» **What you have to do**: Write the data below out exactly as it stands. Do not include the pictures.

» **Source records**:
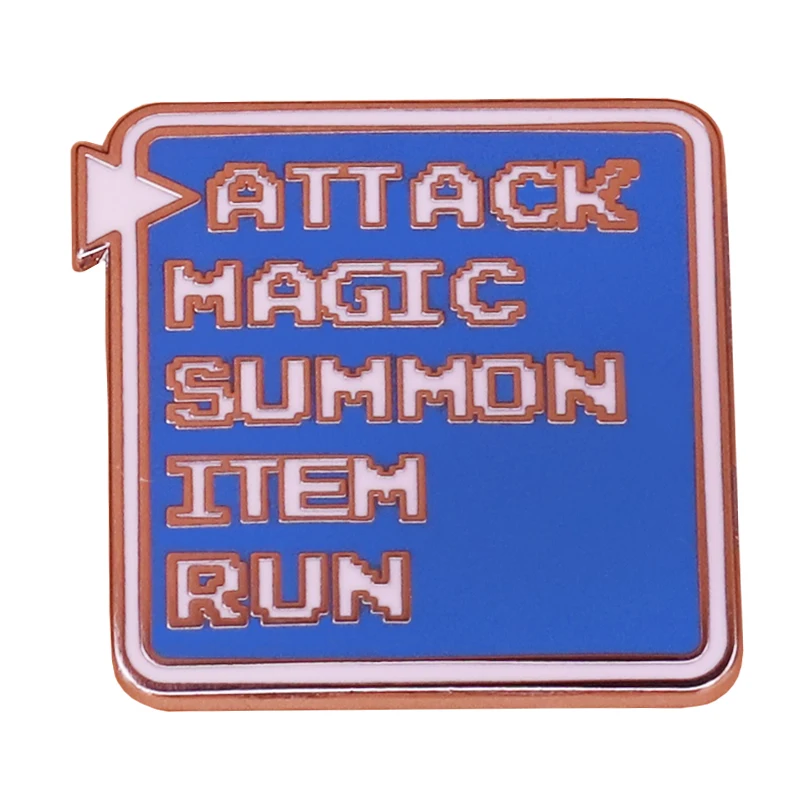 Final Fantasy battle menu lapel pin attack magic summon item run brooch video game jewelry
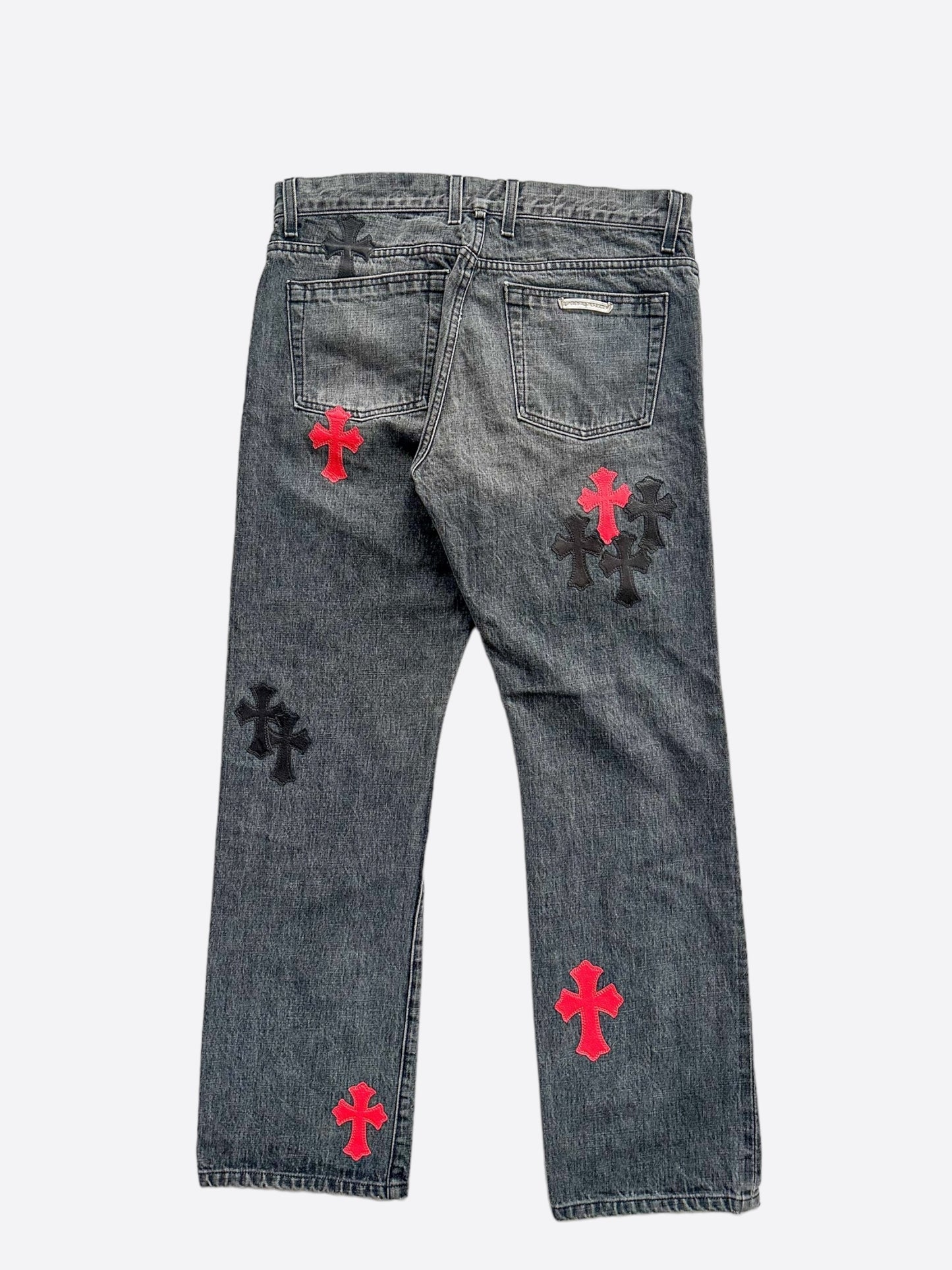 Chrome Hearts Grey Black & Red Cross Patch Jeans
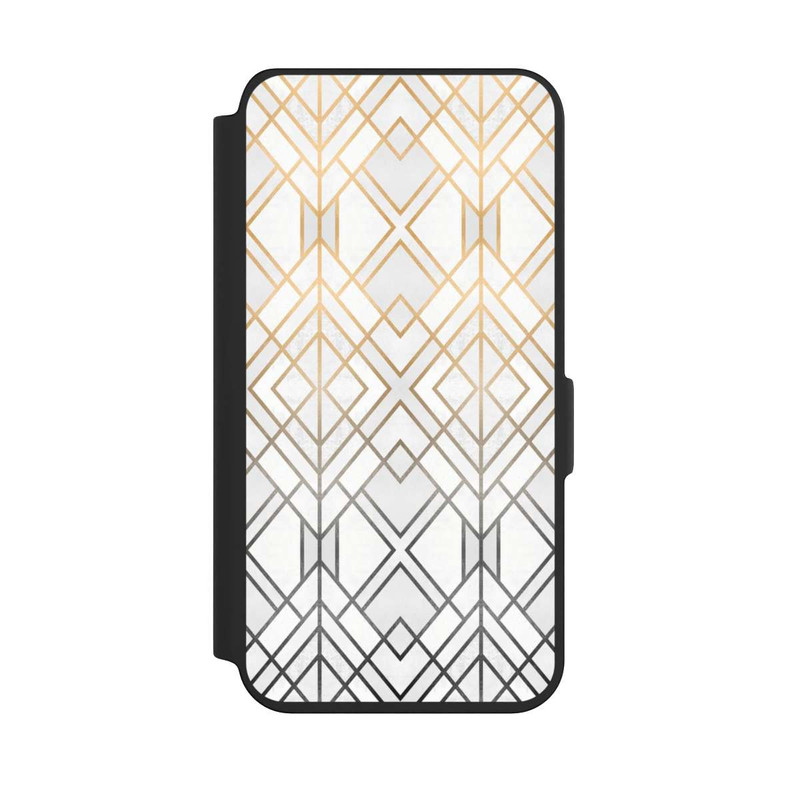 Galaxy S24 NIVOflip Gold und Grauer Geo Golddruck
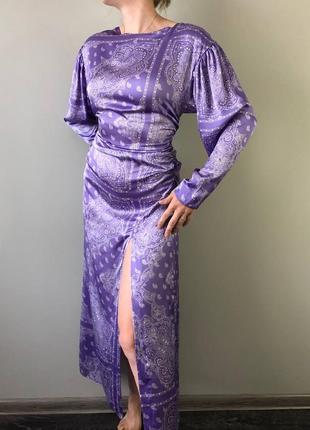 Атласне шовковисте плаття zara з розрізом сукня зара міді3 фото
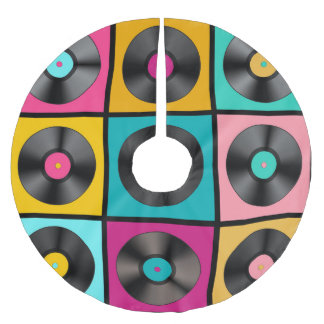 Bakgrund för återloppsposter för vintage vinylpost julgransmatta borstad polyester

» **Solution to this exercise**:
 Final Fantasy battle menu lapel pin attack magic summon item run brooch video game jewelry
 Chrome Hearts Grey Black & Red Cross Patch Jeans
 Galaxy S24 NIVOflip Gold und Grauer Geo Golddruck
 Атласне шовковисте плаття zara з розрізом сукня зара міді3 фото
 Bakgrund för återloppsposter för vintage vinylpost julgransmatta borstad polyester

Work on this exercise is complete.